Meng Jin explores personal and global histories in her debut ‘Little Gods’

Time, family, and memory. Those were what was on Meng Jin’s mind as she began writing her debut novel, Little Gods. These questions drove her to write a layered novel about a mother from Beijing during the Tiananmen Square protests and her daughter, living in America, decades later.

The novel takes place in China and America during different decades and has multiple point of view characters who piece together a complicated life of a woman named Su Lan, who becomes the absent but magnetic pull of the novel.

The historical novel is very intimate with Su Lan’s daughter Liyan traveling back to China after her mother’s death. There is also Zhu Wen, who was the last woman to truly know Su Lan before she left for America, and Yongzong, Liya’s father she never knew.

I spoke with Meng Jin about her relationship with literature and history and how they shaped her quest to write an intimate novel.


You were born in Shanghai and moved to the States when you younger?

Yes, when I was five.

Was Chinese literature big in your life during your childhood?

It wasn’t. Literature, in general, wasn’t in my life until I was an adult. I was a reader as a child, of course, but both of my parents are scientists. I wasn’t encourage to read as a child. I was discouraged.
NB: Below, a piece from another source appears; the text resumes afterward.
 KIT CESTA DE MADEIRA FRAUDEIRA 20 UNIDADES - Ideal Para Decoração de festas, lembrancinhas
It was seen as a lazy activity.

So, I wasn’t exposed to a lot of literature as a child.

What was the shift in your life when you started getting interested in literature?
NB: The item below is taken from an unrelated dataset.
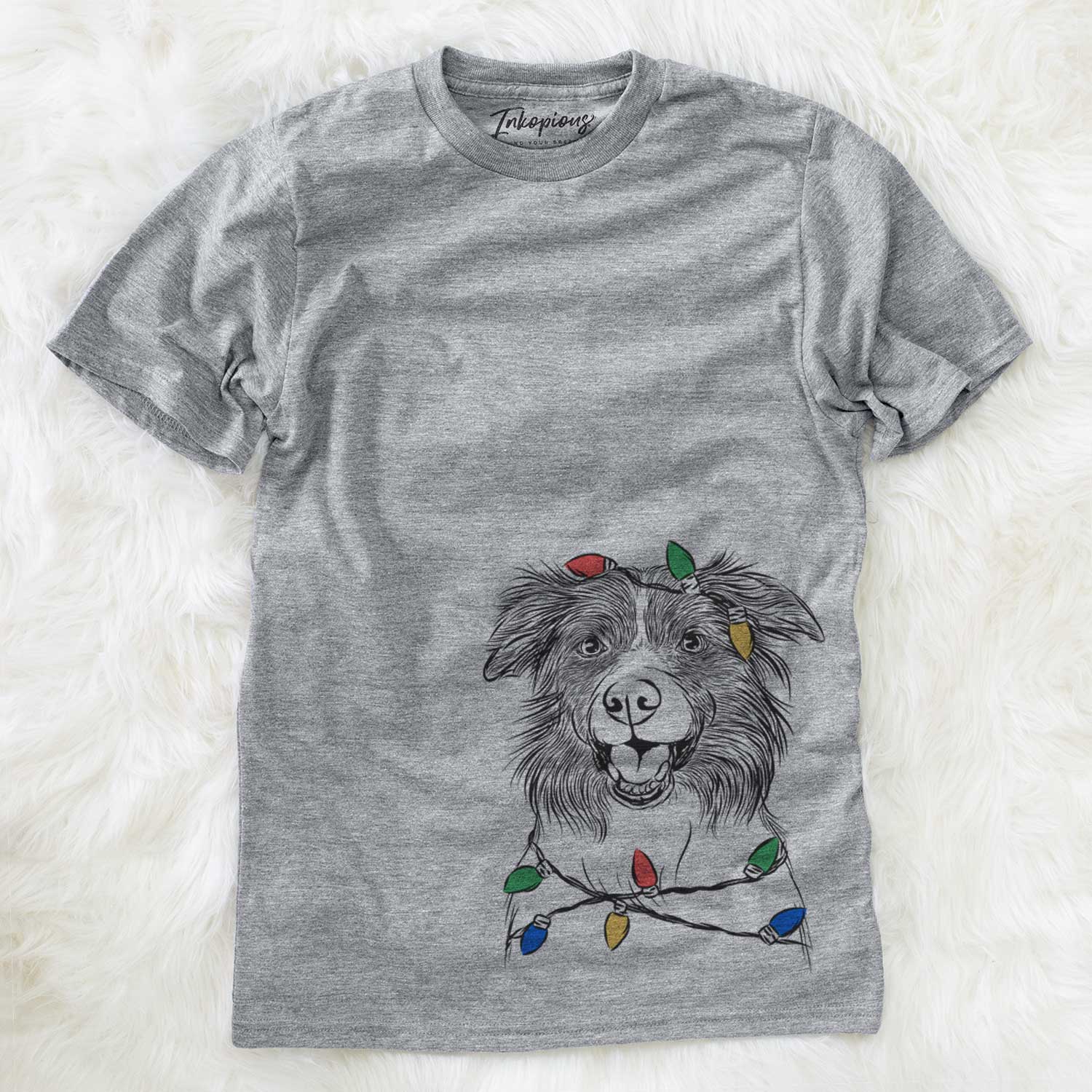 Christmas Lights Dizzy the Border Collie - Unisex Crewneck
I always loved reading as a kid. Maybe because it was prohibited that made it more fun. I remember hiding in places as a kid and reading books.

I always secretly wanted to be a writer. Eventually, I admitted that to myself.

Did you ever consider following your parents into a science-based field?

When I started college, I tried to study physics. I love science as maybe you can tell from the book. I really loved physics, but college was also the first time I was exposed to the humanities. I was so attracted to them that I made a gradual move away from he sciences. I studied social theory in college and didn’t actually take any literature classes beyond the required courses. Mostly because I was afraid of the English department and intimidated by it.

When did you start writing seriously then?

I took one creative writing course in college, but it was after that I started writing seriously. Then I did an MFA program from 2013-2015.

I had questions about history and how people experience history. There were questions about time, family, and memory.

Meng Jin, author of Little Gods

This novel is concerned with parents and history. Is that something that you always find yourself writing about?

My short stories that I have written are quite different from the novel. The form requires or allows different things. My short stories feel like play an experimentation. They can be more formally experimental. The novel is formally experimental as well. 

When I am writing, I don’t think about subject matter. It’s not the thing that motivates me to write or creates the desire. Not explicitly. It’s more a feeling about tone and texture. Like the feeling of sentences and how they are going to move. There are questions that drive me, but they’re not quite formed in language until I start writing.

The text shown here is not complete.